AUGUSTA TREVERORUM
(Trier) Germany.
Situated at a widening of the Moselle valley, this site
was settled in the pre-Roman period by mixed Celtic-Germanic tribes of the Treveri. The town was the point
from which three ancient highways spread out to meet
the Rhine at Cologne, Coblenz, and Mainz. Owing to the
natural mountain barriers of Hunriick and Eifel, it lay
sheltered from surprise attack. During his sojourn in
Gaul in 15-13 B.C., Augustus showed particular favor to
the town, which subsequently took the name Augusta
Treverorum. Under Claudius, it maintained the aspect
of an Italian city with the title colonia, an honorific without legal significance; thus one encounters at that period
the designation Colonia Augusta Treverorum. At first it
remained a purely civilian settlement, divided into rectangular blocks of dwellings (insulae) and covering an
area of ca. 81 ha.
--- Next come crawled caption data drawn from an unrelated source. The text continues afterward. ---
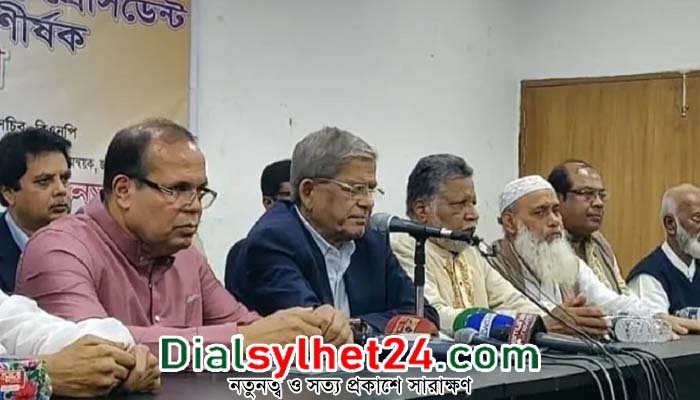 সরকার হটানোর জন্য শুধু সভা নয়, রাস্তায়ও নামতে হবে : ফখরুল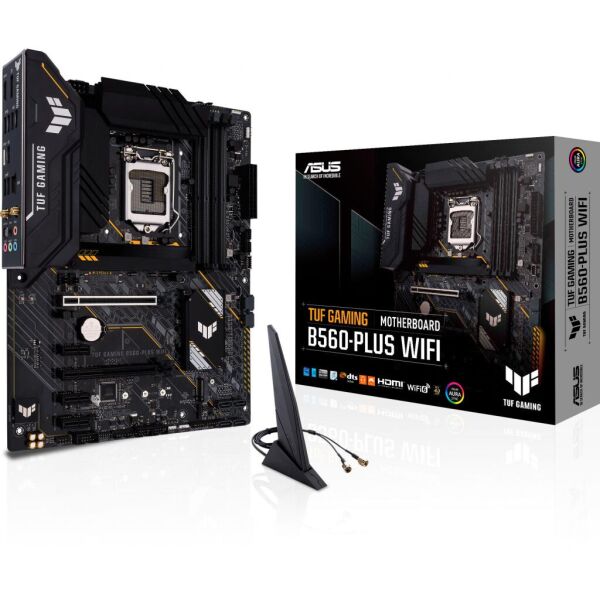 

Материнская плата ASUS TUF GAMING B560-PLUS WIFI
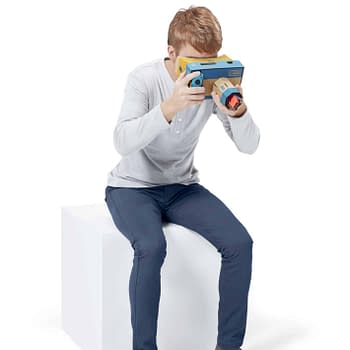 Nintendo's Latest Labo Kit Explores Simple VR Gaming Experiences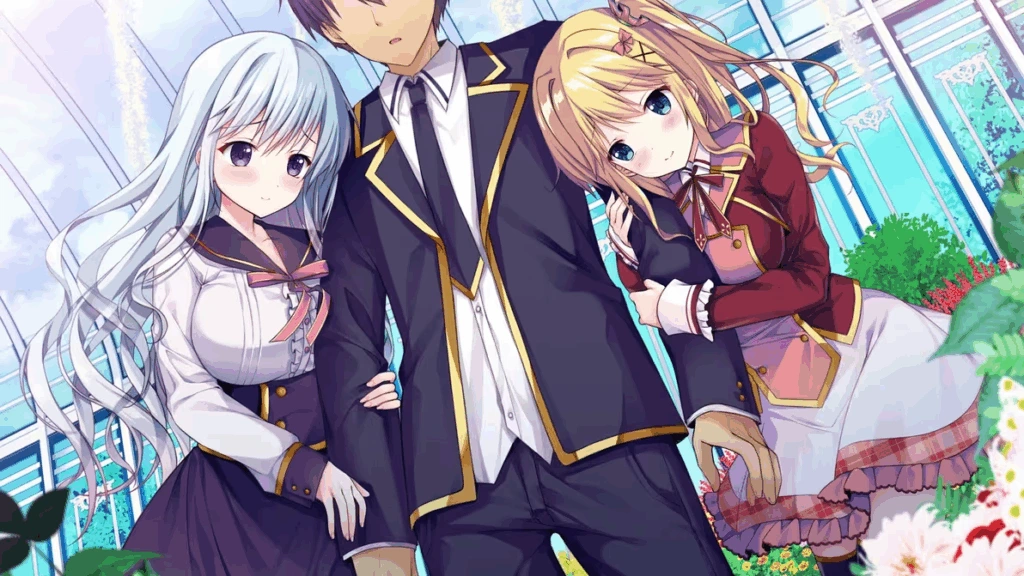 [PC-CN] 二人と始める打算的なラブコメ 图谋不轨的恋爱 VER民间汉化-星咏回廊-一站式Galgame社区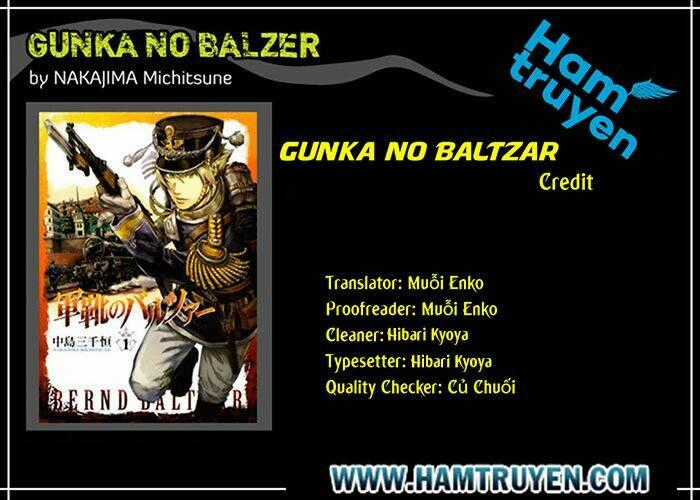 Gunka No Baltzar Chapter 8 trang 1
It was the seat of the imperial fiscal
authority for three provinces, Procurator Provinciarum
Belgicae et Utriusque Germaniae (
CIL III, 5215), and
because of its advantageous position, it became a supply
center for the armies of the Rhine and outposts on the
limes.
Trade and industry were able to develop undisturbed;
among its manufactures, pottery took the lead. Remains
of richly decorated houses and palaces, the amphitheater,
the St. Barbara baths, temples, and the large number of
mosaic floors, wall paintings, and architectural fragments,
as well as innumerable minor archaeological finds, all
bear eloquent witness to the town's econumic prosperity.
Also, native sculptors produced works of outstanding
quality.
Only toward the end of the 2d c. A.D. was the city
surrounded by a solid fortification wall. The best-preserved and best-known city gate from that period is the
Porta Nigra in the N section of the enceinte. The city
suffered from the attack of the Franks and Alemanni in
275-76 and its prosperity declined sharply.
With the imperial reforms of Diocletian, the city assumed a new role. In 293, Constantius I made it his
imperial seat, a distinction well suited to its situation—protected, yet favorable to trade, and nearly equidistant
from the Rhenish border centers of Cologne and Mainz.
Constantius immediately expanded his residence, which
soon was simply called Treveri or Treveris. Under his
son and successor Constantine the Great the imperial
palace quarter came into being, to which belong the Late
Roman core of the cathedral, the Aula Palatina (the so-called basilica), and the imperial baths, all still visible.
To make room for this, some of the existing streets and
buildings (for instance, the peristyle villa under the
imperial baths and the older palace under the so-called
basilica) were obliterated. Near the Roman harbor on
the Moselle were extensive warehouses. After a period
of political setbacks, the city enjoyed renewed prosperity
under Valentinian I (364-75) and his son Gratian (375-83).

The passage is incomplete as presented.